GIVEN RECORDS Start Marker
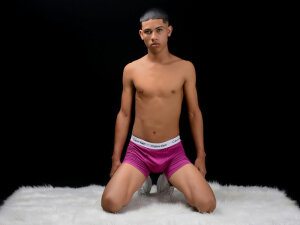 XPlayfulGuy's Sexcam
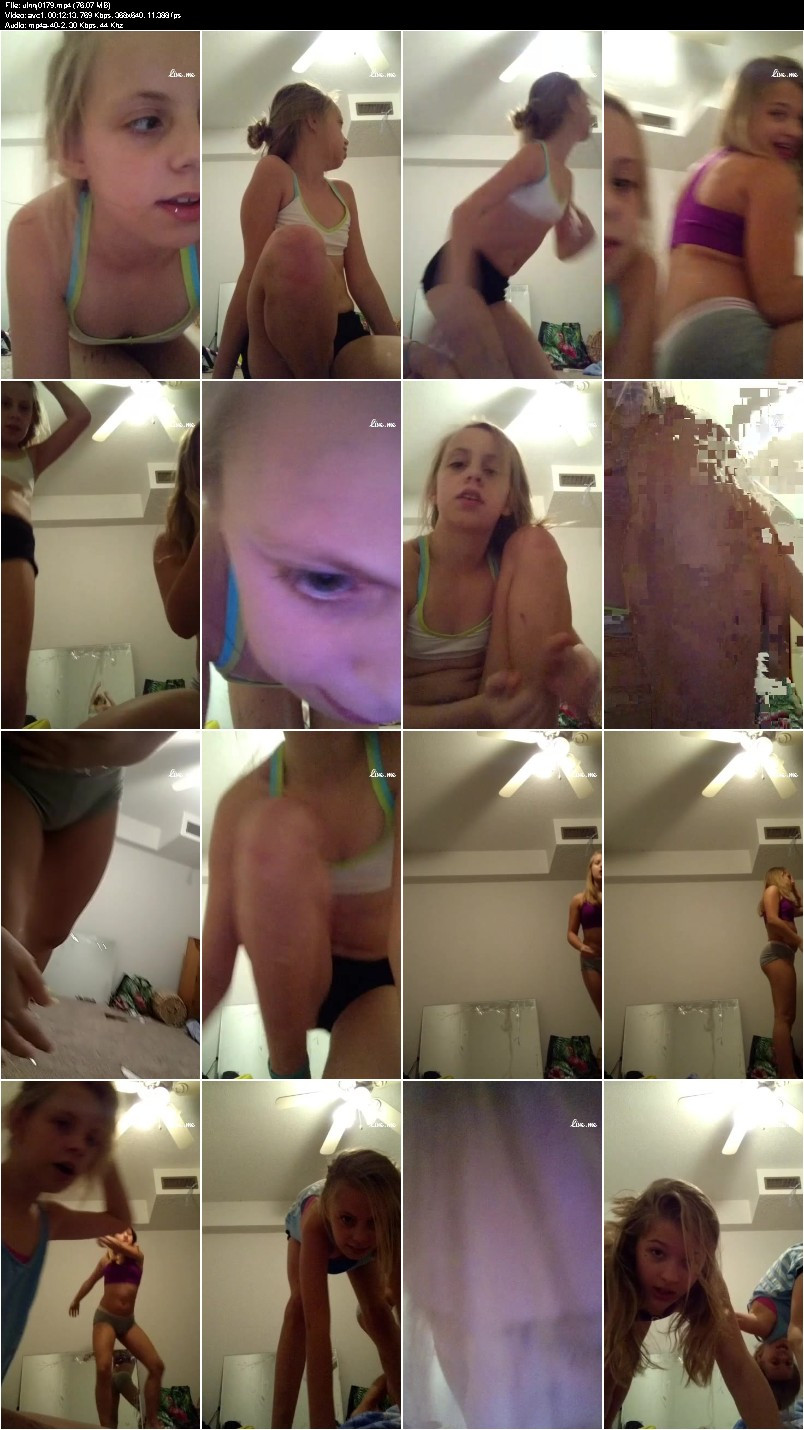 [Image: q7QwMzZk5V.jpg]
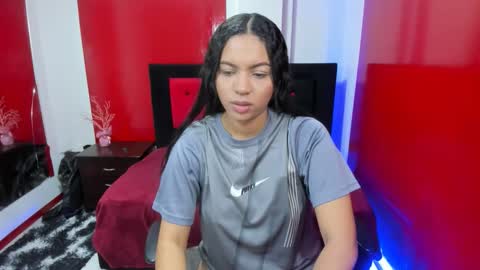 Snapshot of adhara_angelss chatting on April 2026 08:25:02 PM adara online show from April 2026 08:25:02 PM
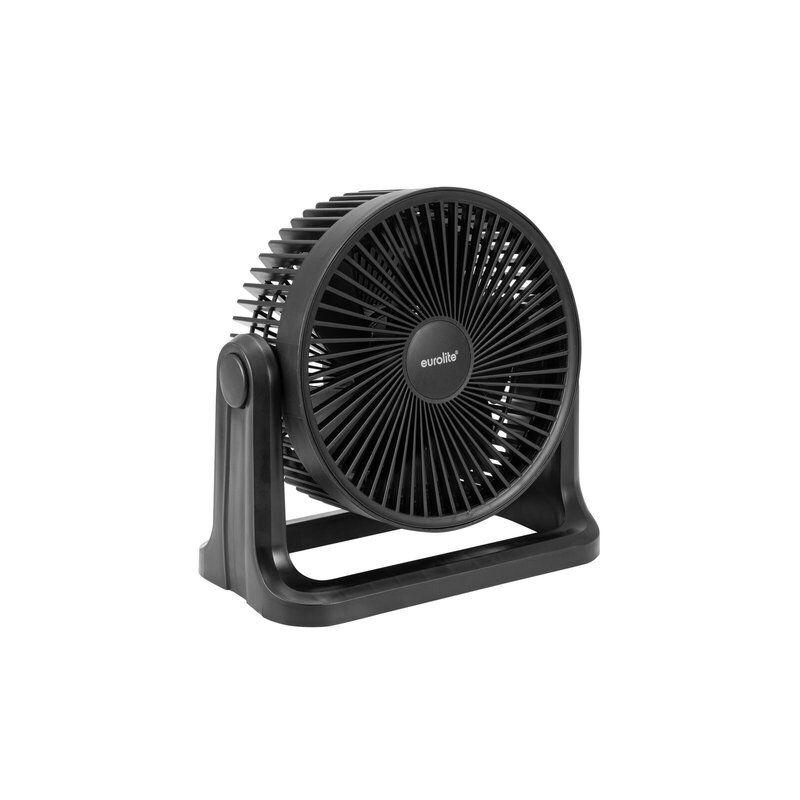 AF-10 Mini Silent Ventilator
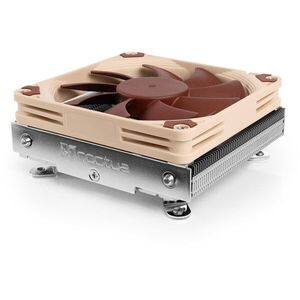 NOCTUA NH-L9i kép
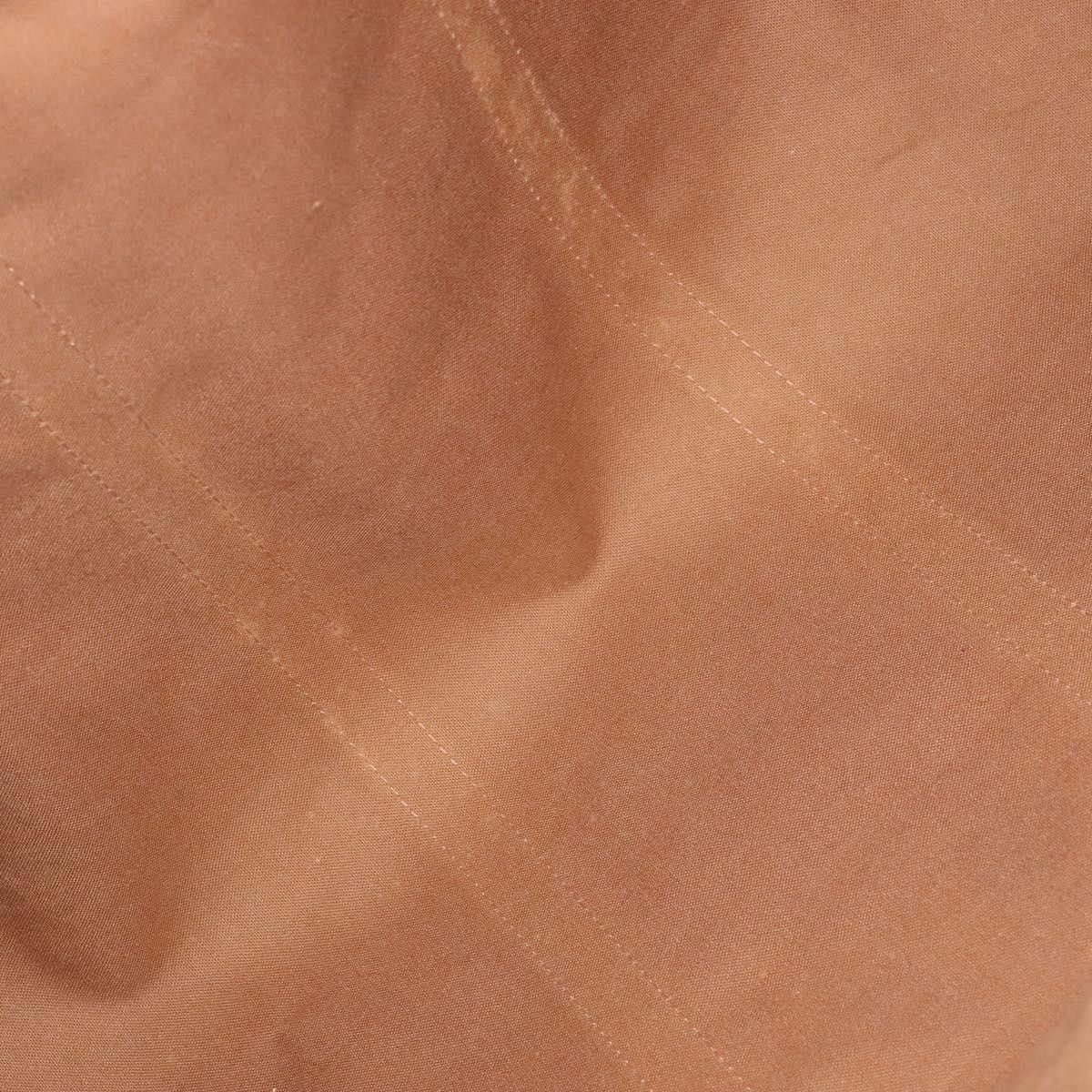 Louis Vuitton Louis Vuitton Keepall Bandoulière 60 travel Size ONE SIZE - 15 Thumbnail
GIVEN RECORDS End Marker
Exact repetition is the task: every line from the start of the data to the line with "NOCTUA NH-L9i kép", inclusive, and none after it, pictures omitted.

→ **SOLVED PROBLEM**:
 XPlayfulGuy's Sexcam
 [Image: q7QwMzZk5V.jpg]
 Snapshot of adhara_angelss chatting on April 2026 08:25:02 PM adara online show from April 2026 08:25:02 PM
 AF-10 Mini Silent Ventilator
 NOCTUA NH-L9i kép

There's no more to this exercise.